The system design for the project is as follows:
-
Use Python to write the data source line-by-line from the CSV to SQL database (DB) (source part). The writing duration (d) must be random and between 0 < d < 2 seconds.
-
Connect the SQL DB to a Kafka cluster via topic1.
-
Clean the data in topic1 using ksqlDB and then submit it to topic2.
-
Analyze the data in topic2 using ksqlDB and then submit it to topic3.
-
The source part (NoSQL DB) will incrementally consume the data from topic3
-
Visualize the real-time data from topic3 using tools such as Plotly, etc.
-
Conduct analytics based on your questions
-
Set up and answer three questions:
- Easy, e.g., simple statistics
- Medium, e.g., join, windowed, etc.
- Hard, e.g., analytical insight
Get the connectors To get started, download the connectors for Postgres, MongoDB, and Elasticsearch to a fresh directory. The easiest way to do this is by using confluent-hub. https://docs.confluent.io/platform/current/connect/confluent-hub/client.html
Create a directory for your components:
mkdir confluent-hub-components
First, acquire the Postgres Debezium connector:
confluent-hub install --component-dir confluent-hub-components --no-prompt debezium/debezium-connector-postgresql:1.1.0
Likewise for the MongoDB Debezium connector:
confluent-hub install --component-dir confluent-hub-components --no-prompt debezium/debezium-connector-mongodb:1.1.0
And finally, the Elasticsearch connector:
confluent-hub install --component-dir confluent-hub-components --no-prompt confluentinc/kafka-connect-elasticsearch:10.0.1
ref : Debezium Connector for MongoDB https://debezium.io/documentation/reference/1.1/connectors/mongodb.html
-
download zip file "docker-main.zip" and unzip cmd in folder
-
Create docker file from the ksqlDB tutorial page. https://docs.ksqldb.io/en/latest/tutorials/etl/
-
After docker build is complete, run the file create_table.py to create a table inside Postgres, read csv file, and insert into Postgres.
python create_table.py
You can check Postgres with the following command:
docker exec -it postgres /bin/bash
psql -U postgres-user customers
Inside Ksql, run the command to check:
customers=# select * from foodcoded;
-
Run the file import_foodcoded.py to import data from the food_coded.csv file.

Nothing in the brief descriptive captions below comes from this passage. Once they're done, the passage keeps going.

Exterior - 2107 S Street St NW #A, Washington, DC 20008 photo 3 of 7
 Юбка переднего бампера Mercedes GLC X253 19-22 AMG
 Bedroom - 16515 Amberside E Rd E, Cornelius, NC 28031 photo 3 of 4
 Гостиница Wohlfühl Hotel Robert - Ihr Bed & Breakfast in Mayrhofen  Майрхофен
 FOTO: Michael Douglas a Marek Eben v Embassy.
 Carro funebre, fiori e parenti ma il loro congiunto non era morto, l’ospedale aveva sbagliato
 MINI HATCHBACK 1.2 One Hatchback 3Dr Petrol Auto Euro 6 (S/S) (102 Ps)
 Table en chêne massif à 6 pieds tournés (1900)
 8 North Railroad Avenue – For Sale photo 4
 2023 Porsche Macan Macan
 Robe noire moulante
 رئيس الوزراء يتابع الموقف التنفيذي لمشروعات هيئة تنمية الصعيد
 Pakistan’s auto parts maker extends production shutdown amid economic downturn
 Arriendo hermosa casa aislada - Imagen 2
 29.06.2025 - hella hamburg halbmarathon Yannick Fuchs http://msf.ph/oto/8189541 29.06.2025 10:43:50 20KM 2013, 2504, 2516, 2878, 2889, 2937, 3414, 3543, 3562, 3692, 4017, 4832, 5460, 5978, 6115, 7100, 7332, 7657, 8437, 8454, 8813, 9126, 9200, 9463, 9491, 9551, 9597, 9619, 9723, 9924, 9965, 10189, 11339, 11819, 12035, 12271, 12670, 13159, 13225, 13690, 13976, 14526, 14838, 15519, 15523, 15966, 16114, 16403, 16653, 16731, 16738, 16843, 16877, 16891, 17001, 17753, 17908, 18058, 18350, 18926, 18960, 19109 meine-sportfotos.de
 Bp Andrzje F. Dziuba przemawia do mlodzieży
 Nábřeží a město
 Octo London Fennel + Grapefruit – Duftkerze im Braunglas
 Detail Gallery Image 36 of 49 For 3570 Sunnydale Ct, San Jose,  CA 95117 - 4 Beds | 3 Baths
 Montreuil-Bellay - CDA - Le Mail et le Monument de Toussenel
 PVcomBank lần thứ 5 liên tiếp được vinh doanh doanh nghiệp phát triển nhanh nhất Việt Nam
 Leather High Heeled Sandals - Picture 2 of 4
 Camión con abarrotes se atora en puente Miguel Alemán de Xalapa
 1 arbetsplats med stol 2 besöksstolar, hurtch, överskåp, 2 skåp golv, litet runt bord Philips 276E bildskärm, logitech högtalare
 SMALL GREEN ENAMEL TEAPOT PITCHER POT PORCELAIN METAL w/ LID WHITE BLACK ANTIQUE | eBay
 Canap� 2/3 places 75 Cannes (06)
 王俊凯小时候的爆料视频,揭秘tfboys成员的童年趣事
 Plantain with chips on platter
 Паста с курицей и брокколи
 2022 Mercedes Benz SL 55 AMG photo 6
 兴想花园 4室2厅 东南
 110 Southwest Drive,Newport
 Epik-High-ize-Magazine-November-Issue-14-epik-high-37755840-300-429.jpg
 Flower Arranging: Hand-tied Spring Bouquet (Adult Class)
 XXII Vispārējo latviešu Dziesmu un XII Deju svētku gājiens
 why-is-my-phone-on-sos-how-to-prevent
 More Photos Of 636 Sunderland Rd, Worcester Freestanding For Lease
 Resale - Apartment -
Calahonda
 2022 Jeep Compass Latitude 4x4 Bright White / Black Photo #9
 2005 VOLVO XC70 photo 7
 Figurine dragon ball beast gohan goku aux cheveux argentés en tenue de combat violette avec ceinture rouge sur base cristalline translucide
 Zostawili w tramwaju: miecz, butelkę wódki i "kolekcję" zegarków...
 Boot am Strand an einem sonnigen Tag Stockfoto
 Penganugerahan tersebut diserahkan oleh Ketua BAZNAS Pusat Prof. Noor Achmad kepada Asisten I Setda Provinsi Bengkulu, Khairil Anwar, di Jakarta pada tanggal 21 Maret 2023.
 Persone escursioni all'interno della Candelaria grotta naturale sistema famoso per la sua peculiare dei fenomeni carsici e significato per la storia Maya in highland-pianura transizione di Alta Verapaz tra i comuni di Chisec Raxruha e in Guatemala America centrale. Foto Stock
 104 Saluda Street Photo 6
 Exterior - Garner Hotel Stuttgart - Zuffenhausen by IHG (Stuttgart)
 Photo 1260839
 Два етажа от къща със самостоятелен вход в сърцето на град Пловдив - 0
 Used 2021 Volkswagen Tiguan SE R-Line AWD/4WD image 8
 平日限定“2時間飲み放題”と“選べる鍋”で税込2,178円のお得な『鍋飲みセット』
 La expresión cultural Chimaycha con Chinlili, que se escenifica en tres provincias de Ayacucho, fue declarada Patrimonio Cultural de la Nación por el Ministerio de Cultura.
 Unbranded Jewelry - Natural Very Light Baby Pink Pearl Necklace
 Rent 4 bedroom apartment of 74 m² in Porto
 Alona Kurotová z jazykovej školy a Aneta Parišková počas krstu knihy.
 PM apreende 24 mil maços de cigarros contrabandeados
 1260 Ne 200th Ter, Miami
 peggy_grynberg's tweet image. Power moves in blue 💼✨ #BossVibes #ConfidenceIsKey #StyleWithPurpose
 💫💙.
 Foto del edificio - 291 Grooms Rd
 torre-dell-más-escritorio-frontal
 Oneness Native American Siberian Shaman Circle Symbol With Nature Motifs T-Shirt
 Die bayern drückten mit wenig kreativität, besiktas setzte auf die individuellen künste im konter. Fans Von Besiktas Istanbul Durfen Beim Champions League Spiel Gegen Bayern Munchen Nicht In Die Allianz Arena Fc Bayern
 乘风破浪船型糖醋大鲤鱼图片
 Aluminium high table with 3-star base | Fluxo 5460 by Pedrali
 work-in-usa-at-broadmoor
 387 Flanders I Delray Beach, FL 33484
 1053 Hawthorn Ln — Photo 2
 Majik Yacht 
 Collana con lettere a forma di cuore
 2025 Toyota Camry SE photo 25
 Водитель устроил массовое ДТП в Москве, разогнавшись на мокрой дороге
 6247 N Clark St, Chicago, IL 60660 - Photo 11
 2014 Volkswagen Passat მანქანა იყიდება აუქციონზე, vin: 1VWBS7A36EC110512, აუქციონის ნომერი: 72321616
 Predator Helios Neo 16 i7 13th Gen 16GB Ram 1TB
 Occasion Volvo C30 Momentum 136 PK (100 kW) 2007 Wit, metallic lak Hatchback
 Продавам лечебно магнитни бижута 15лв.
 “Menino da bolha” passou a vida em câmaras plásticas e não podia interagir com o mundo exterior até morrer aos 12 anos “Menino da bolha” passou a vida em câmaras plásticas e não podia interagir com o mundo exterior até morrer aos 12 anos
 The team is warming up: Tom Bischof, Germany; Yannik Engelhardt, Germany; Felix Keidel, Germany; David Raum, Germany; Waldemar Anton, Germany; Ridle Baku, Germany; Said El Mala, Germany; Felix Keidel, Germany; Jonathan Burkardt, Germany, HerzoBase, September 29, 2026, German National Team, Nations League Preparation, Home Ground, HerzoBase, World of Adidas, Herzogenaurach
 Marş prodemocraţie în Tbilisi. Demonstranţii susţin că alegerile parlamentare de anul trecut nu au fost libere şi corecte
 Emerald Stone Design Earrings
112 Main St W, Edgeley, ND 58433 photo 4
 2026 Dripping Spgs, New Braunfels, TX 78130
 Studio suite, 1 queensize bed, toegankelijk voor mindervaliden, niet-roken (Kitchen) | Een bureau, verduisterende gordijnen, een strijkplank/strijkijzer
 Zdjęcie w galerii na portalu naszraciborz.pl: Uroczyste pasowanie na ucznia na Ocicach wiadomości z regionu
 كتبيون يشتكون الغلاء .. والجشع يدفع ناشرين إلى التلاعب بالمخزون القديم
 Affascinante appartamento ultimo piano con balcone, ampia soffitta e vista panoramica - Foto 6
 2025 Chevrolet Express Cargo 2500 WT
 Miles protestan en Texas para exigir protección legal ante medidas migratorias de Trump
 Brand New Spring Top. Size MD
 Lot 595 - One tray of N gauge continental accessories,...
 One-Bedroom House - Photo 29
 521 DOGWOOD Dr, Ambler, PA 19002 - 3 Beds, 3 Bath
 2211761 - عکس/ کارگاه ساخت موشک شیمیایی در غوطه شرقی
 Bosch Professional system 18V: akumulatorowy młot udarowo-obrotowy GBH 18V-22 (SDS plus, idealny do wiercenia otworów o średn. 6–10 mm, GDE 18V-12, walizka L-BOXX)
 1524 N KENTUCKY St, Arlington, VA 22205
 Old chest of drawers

python import_foodcoded.py
-
Start Ksql to create the connector.
docker exec -it ksqldb-cli ksql http://ksqldb-server:8088 SET 'auto.offset.reset' = 'earliest';
To create a source connector:
CREATE SOURCE CONNECTOR customers_reader WITH ( 'connector.class' = 'io.debezium.connector.postgresql.PostgresConnector', 'database.hostname' = 'postgres', 'database.port' = '5432', 'database.user' = 'postgres-user', 'database.password' = 'postgres-pw', 'database.dbname' = 'customers', 'database.server.name' = 'localhost', 'table.whitelist' = 'public.foodcoded', 'transforms' = 'unwrap', 'transforms.unwrap.type' = 'io.debezium.transforms.ExtractNewRecordState', 'transforms.unwrap.drop.tombstones' = 'false', 'transforms.unwrap.delete.handling.mode' = 'rewrite' );
Create a Stream topic foodcoded for input data:
CREATE STREAM foodcoded WITH (kafka_topic = 'localhost.public.foodcoded', value_format = 'avro');
Create a Stream topic food_clean for cleaning data ksql command in food_clean.sql.
Create a Stream topic for analyze data ksql command in food_analyze.sql.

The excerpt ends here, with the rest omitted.